Please see my response to Question 6(b).
7. In 2014, you served as counsel of record on Texas’s motion for a preliminary injunction to prevent the implementation of the Deferred Action for Parental Accountability (DAPA) program and to prevent the expansion of the Deferred Action for Childhood Arrivals (DACA) program. You argued that a preliminary injunction was needed in part because the implementation of DAPA and expansion of DACA would both cause “irreparable injuries” to Texas and other states, in part by “legaliz[ing] the presence of 4 million people.” (Plaintiffs’ Motion for Preliminary Injunction & Memorandum in Support, Texas v. United States, 86 F. Supp. 3d 591 (S.D. Tex. 2015), 2014 WL 7497774.)
a. As counsel of record, did you choose which arguments would be included in this preliminary injunction?
The motion for a preliminary injunction and the memorandum in support of that motion were filed on behalf 17 states; after that motion and memorandum were filed, several other states joined the litigation as plaintiffs. Numerous lawyers for the various states contributed to the motion and the materials supporting it in various ways and at various times over the course of the litigation. The specific ways those attorneys contributed to the states’ shared litigation position are protected by several privileges, including the attorney- client privilege.

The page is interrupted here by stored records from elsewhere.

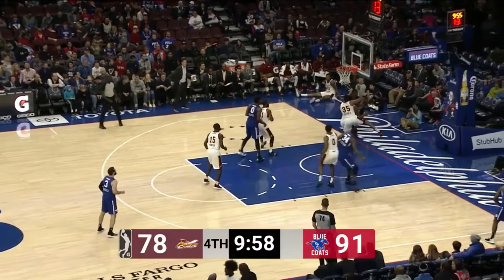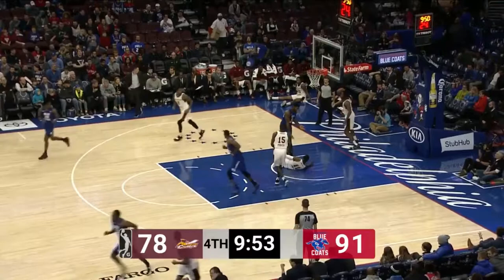Milton doing a nice job. Shaikh to the corner. Brownridge — another three. And a great setup by Shaikh Milton.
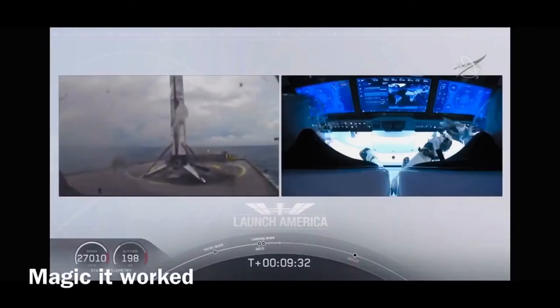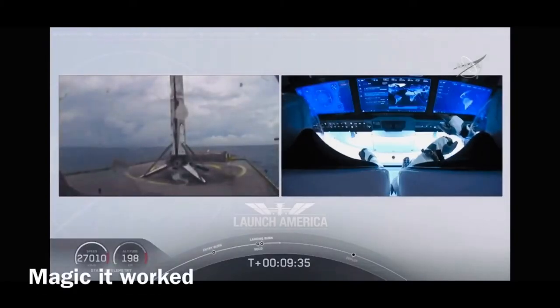Falcon 9 first stage successfully landed. And there you can see on your screen, Falcon 9 has landed.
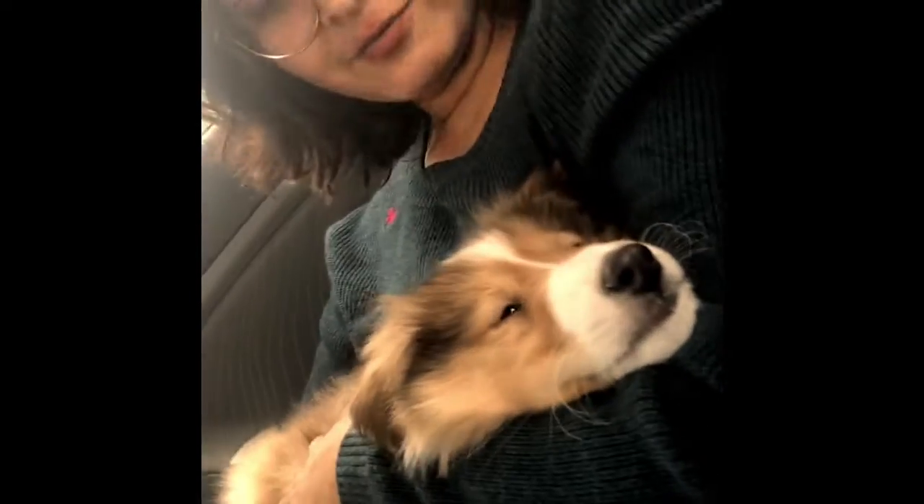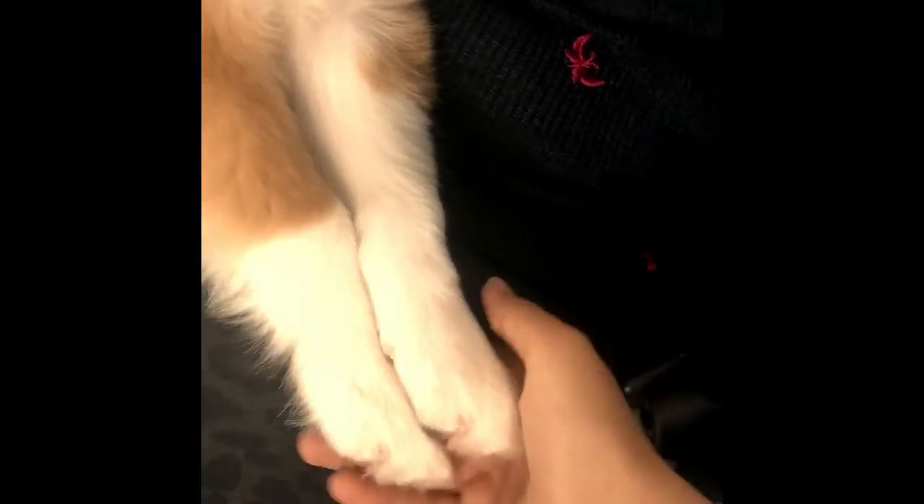He's a family dog and such a cute dog. He's being calm and trying to rest right now. Right now we are going home — it's about one and a half hours journey.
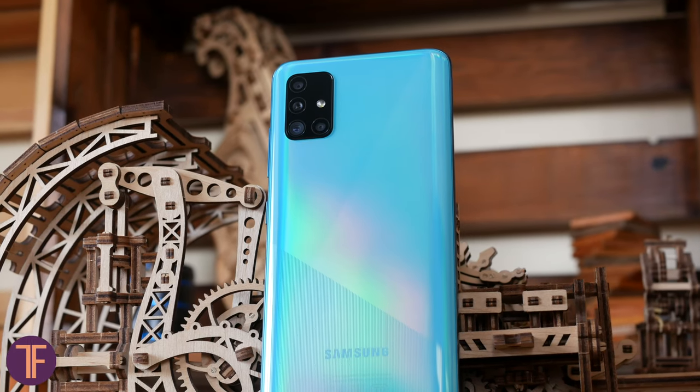Cool middle-class smartphones are not really an endangered species on the market. Xiaomi, for instance, has almost a bundle of those — a couple of Redmi, Mi 9 Lite, and even Mi 9T.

b. Please identify the “irreparable injuries” to the State of Texas if parents of U.S.- citizen children are legally present in this country.
In the passage of the motion quoted above, the plaintiff states raised several legal arguments to support the second prong of the preliminary injunction standard and the plaintiffs’ standing under Article III of the U.S. Constitution. Those arguments appear on pages 25-28 of the memorandum in support of plaintiffs’ motion for a preliminary injunction, and on pages 42-65 of the reply in support of that motion. Those page ranges also include citations to the preliminary-injunction appendix, which includes additional support for the plaintiff states’ legal arguments.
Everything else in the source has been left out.